Le moyen est rejeté.
Sur le moyen tiré de l'erreur d'appréciation de l'arrêté de placement en rétention
L'erreur manifeste d'appréciation doit s'apprécier par rapport aux éléments de fait dont disposait l'autorité préfectorale au moment où l'arrêté de placement en rétention a été adopté et non au regard des éléments ultérieurement porté à la connaissance de la cour.

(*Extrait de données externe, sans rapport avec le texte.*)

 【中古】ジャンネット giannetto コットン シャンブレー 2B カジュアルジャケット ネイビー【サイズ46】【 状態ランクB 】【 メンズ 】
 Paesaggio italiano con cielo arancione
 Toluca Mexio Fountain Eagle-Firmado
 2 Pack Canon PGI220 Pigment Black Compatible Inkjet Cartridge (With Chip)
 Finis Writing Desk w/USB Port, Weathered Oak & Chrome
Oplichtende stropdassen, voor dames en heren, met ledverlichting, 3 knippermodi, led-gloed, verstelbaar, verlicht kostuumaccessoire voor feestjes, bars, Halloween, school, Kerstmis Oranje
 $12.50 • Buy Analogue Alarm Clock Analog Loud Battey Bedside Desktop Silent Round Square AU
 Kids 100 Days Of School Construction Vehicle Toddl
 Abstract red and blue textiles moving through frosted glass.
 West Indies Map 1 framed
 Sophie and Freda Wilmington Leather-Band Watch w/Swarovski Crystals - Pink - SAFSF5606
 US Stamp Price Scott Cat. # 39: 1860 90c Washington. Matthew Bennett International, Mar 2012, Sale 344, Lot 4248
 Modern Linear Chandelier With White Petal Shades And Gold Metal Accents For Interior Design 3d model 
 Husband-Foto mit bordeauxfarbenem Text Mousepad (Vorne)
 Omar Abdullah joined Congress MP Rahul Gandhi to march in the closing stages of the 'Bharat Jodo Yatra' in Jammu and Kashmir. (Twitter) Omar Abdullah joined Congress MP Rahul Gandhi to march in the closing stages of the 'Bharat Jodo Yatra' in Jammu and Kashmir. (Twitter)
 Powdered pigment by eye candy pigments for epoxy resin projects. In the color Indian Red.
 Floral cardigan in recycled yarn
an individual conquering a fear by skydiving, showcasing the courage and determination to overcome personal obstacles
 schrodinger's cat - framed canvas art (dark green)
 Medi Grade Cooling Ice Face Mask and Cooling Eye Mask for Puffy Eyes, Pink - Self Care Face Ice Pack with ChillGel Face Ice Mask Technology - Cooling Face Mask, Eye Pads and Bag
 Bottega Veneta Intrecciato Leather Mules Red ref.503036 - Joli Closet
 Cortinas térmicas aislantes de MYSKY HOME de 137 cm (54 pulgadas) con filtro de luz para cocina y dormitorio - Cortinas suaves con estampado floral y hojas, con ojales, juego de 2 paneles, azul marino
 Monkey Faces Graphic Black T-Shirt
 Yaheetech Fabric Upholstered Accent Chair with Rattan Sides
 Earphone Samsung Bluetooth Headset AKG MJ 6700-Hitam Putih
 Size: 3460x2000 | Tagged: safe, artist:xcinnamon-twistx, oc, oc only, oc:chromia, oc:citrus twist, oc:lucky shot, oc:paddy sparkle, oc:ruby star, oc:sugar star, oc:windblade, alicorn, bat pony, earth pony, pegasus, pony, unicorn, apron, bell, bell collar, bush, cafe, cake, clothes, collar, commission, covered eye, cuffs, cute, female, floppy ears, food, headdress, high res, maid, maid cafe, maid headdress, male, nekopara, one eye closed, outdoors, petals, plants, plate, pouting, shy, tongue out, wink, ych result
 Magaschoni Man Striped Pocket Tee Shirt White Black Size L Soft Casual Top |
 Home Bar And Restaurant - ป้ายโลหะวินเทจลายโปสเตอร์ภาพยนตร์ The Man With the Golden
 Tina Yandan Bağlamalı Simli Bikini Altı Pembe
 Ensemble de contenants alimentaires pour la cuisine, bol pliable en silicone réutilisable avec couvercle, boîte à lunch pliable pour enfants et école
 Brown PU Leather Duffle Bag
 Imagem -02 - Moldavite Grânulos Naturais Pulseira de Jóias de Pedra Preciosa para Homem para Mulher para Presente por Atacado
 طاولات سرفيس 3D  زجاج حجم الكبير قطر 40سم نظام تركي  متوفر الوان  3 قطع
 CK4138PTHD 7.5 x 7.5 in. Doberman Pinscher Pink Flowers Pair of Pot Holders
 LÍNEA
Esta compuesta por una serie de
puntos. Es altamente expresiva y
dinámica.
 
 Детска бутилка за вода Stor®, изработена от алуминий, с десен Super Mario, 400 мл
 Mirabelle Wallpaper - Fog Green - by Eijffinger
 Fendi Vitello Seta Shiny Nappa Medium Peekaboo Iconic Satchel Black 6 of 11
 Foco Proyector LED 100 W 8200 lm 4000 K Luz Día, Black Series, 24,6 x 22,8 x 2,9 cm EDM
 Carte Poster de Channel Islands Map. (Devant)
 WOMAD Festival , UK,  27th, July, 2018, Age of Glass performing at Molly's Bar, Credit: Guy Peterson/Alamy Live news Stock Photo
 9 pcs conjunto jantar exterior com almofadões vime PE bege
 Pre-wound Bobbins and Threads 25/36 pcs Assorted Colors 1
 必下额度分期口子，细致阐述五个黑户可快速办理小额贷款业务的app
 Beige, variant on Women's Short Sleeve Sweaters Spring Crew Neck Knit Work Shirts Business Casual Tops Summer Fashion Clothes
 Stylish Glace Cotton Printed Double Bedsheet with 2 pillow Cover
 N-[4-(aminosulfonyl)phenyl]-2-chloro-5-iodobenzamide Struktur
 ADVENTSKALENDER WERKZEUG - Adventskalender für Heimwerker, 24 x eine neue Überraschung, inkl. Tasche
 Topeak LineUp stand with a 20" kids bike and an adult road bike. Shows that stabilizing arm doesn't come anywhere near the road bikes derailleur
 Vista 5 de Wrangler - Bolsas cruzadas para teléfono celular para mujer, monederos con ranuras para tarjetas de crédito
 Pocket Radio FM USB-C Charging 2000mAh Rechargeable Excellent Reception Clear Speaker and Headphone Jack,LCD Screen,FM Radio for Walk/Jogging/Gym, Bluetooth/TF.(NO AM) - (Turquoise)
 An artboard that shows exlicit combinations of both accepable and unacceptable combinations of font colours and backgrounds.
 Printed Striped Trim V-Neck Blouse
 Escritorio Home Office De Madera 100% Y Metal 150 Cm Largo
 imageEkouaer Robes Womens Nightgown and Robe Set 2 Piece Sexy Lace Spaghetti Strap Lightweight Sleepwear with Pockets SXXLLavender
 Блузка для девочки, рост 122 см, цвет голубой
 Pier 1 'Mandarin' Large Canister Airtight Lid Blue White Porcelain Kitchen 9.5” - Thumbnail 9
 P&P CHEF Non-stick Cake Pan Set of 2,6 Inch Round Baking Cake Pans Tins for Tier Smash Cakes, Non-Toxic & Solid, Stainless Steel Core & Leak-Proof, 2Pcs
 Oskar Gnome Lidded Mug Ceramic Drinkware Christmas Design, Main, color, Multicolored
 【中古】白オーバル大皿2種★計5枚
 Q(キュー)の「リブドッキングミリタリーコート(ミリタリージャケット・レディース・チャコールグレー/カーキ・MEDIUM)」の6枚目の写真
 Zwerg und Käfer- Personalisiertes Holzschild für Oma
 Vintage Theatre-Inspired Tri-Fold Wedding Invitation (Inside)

Il ressort des dispositions des articles L 741-1 renvoyant à l'article L 612-3, L 751-9 et L 753-2 du code de l'entrée et du séjour des étrangers et du droit d'asile que l'autorité administrative ne peut placer un étranger en situation irrégulière en rétention administrative que dans les cas et conditions des dits articles après prise en compte de son état éventuel de vulnérabilité :
1) Lorsque, de manière générale, l'étranger ne présente pas de garanties de représentation suffisantes pour prévenir le risque de se soustraire à l'application du titre d'éloignement dans les cas prévus par l'article L 612-3 du code de l'entrée et du séjour des étrangers et du droit ou au regard de la menace pour l'ordre public que l'étranger représente.
2) Lorsque, dans le cas spécifique d'un étranger faisant l'objet d'une prise ou d'une reprise en charge par un autre pays de l'Union Européenne selon la procédure dite 'DUBLIN III', il existe 'un risque non négligeable de fuite' tel que défini par l'article L 751-10 du code de l'entrée et du séjour des étrangers et du droit d'asile et lorsque dans cette hypothèse le placement en rétention administrative est proportionné.
3) Lorsque, s'agissant d'un étranger qui a déposé une demande d'asile en France avant toute privation de sa liberté, il existe des raisons impérieuses de protection de l'ordre public ou de la sécurité nationale.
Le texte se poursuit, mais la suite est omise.